Evaluation of Calibur's output decoys

In order to compare Calibur with SPICKER in terms of both output and speed we ran Calibur under the same conditions as SPICKER. Both programs were compiled with optimization -O3 and were made to cluster exactly the same set of decoys. Filtering was disabled in Calibur. We noticed a limit on the number of decoys that SPICKER handles. When the number of decoys is larger than 13000, SPICKER samples only 13000 decoys for clustering. To test Calibur with the same set of decoys that SPICKER clusters, we obtained 13000 decoys from each decoy set that is larger than 13000 (using the same procedure as in SPICKER's source codes) and tested Calibur with these decoys.

When decoys are sampled, they may not be sufficiently representative and the quality of the best decoy obtained may be compromised. To investigate this effect, we randomly sampled 1000, 2500, 4000, 5500, 7000, 8500, 10000, 11500 decoys from each of the original sets and ran SPICKER and Calibur with these sampled sets. Since only 6119 decoys are available for 1mkyA3, the full set was used as the sampled set at sizes above 5500.

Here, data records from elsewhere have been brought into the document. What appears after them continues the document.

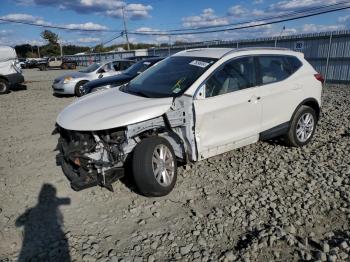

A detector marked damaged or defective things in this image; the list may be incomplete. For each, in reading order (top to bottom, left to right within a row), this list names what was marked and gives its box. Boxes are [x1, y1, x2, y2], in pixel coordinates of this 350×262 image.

bent hood [56, 87, 173, 130]
damaged white suv [55, 47, 322, 195]
crushed front end [56, 126, 129, 191] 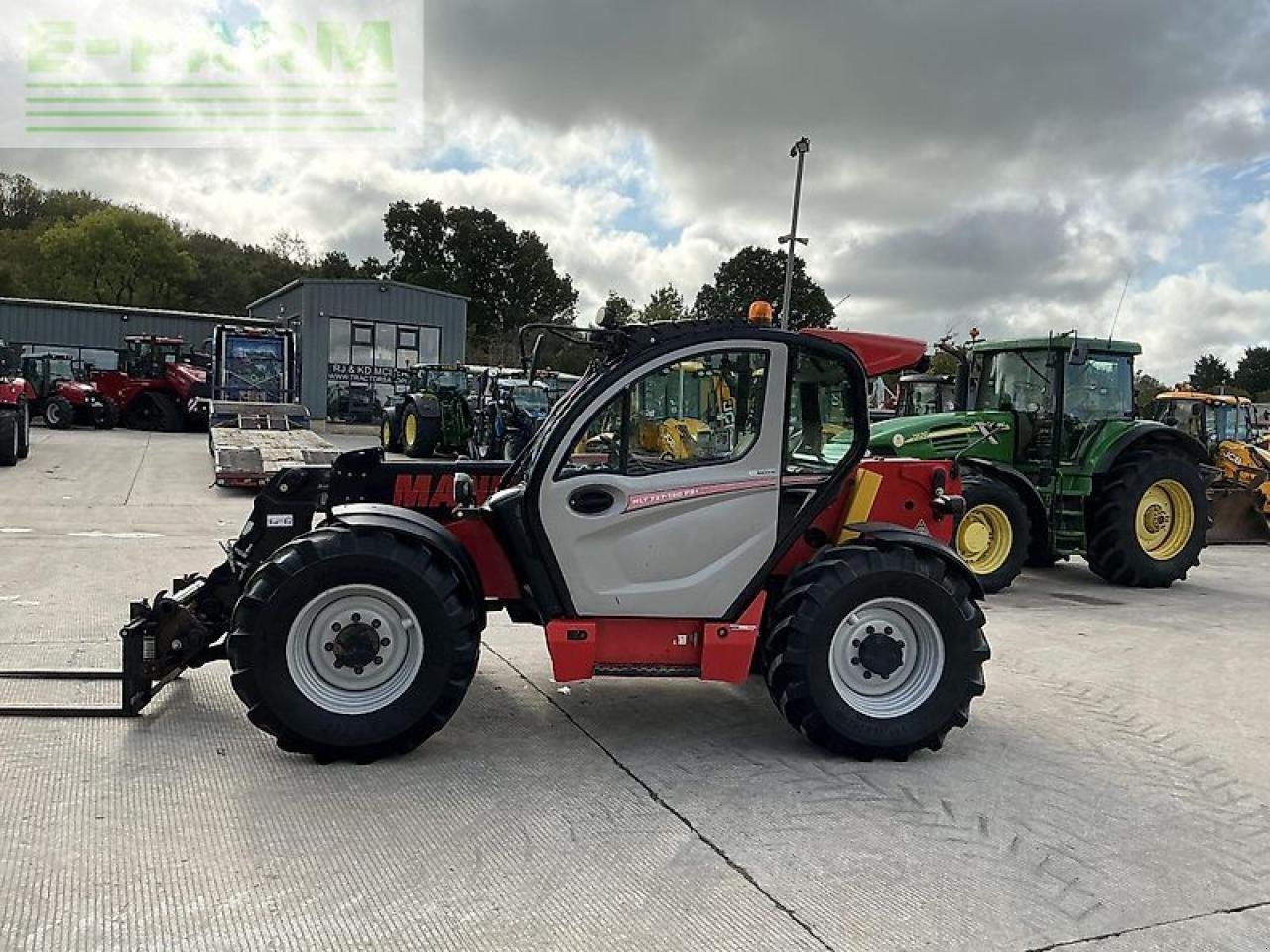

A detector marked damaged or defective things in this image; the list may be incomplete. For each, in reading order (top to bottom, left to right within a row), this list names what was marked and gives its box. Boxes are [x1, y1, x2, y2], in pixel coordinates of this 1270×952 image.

crack in concrete [490, 650, 837, 952]
crack in concrete [1026, 898, 1270, 949] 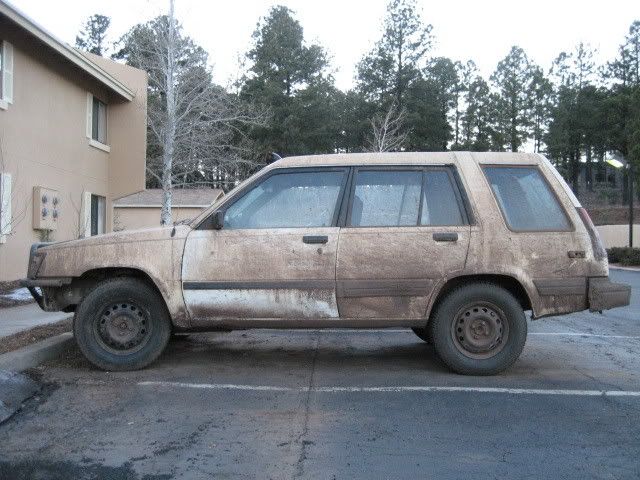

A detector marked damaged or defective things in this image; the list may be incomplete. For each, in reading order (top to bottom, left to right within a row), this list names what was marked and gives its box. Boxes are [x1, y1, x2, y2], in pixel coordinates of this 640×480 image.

crack in asphalt [294, 334, 318, 480] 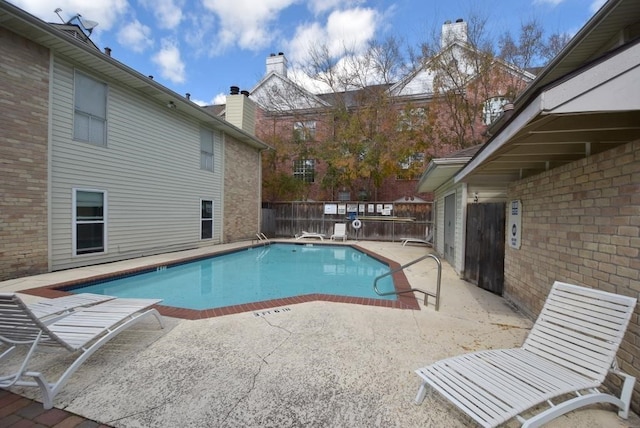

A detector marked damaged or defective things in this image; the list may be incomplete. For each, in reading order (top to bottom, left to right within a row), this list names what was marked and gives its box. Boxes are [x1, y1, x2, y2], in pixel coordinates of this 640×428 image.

cracked concrete [1, 241, 640, 428] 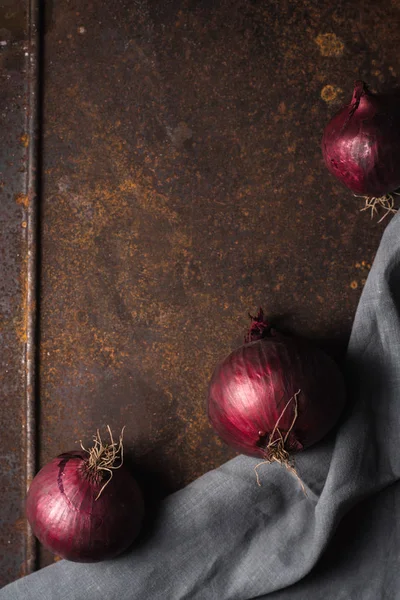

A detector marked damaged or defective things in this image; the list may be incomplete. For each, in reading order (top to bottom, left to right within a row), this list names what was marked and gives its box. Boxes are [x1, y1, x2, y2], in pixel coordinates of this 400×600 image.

orange rust stain [316, 33, 344, 56]
rust spot [316, 33, 344, 57]
rusty metal surface [0, 0, 38, 584]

All the tests were performed on the same UNIX cluster as in the previous section. Calibur used its default method for automatic threshold distance discovery. Table 3 shows, at different sample sizes, the average TM-scores and total C _α RMSDs (to native) for the best decoys reported by both tools, as well as the total CPU times used, as reported by the UNIX servers. These results are shown as histograms in Figures 8, 9 and 10. Detailed results are given in Additional File 1. The average TM-score and total C _α RMSD reported by both tools are similar, showing the decoys reported by both tools to be comparable. The CPU times required by Calibur are significantly less than SPICKER for sample sizes above 2500, even with PDB files processing time included. There is an observable trend of increase in average TM-score as well as decrease in total C _α RMSD, with an increase in sample size.

Sample size	Average TM-score		Total C α RMSD		Total CPU Time (s)
	SPICKER	Calibur	SPICKER	Calibur	SPICKER	Calibur
1000	0.571107	0.578102	291.534	281.994	136.05	237.25
2500	0.574379	0.578386	284.937	286.09	687.45	746.84
4000	0.576045	0.576859	284.953	284.108	1851.34	1533.81
5500	0.574475	0.57845	284.18	283.055	3276.36	2781.55
7000	0.576323	0.578823	284.927	278.769	7029.09	4320.95
8500	0.57843	0.580889	283.325	279.248	8132.9	5906.61
10000	0.577543	0.581236	282.919	279.1	10745.5	7822.75
11500	0.578748	0.582175	282.644	281.192	14293.8	10374.2
13000	0.578432	0.582425	283.795	281.701	16608.8	12420.5

Average TM-score and total C _α RMSD for the best decoys obtained, as well as the total CPU time used, on the sampled sets of sizes 1000, 2500, 4000, 5500, 7000, 8500, 10000, 11500, 13000. (SPICKER requires additional pre-processing of the input PDB files which are not added into the CPU times here.)

For each sample size, we counted the number of targets where the best decoy reported by SPICKER has a better TM-score than Calibur, as well as the number of targets where the best decoy reported by Calibur has a better TM-score. These numbers are shown in Figure 11. Figure 12 shows the numbers where instead of the TM-score, the C _α RMSD is compared.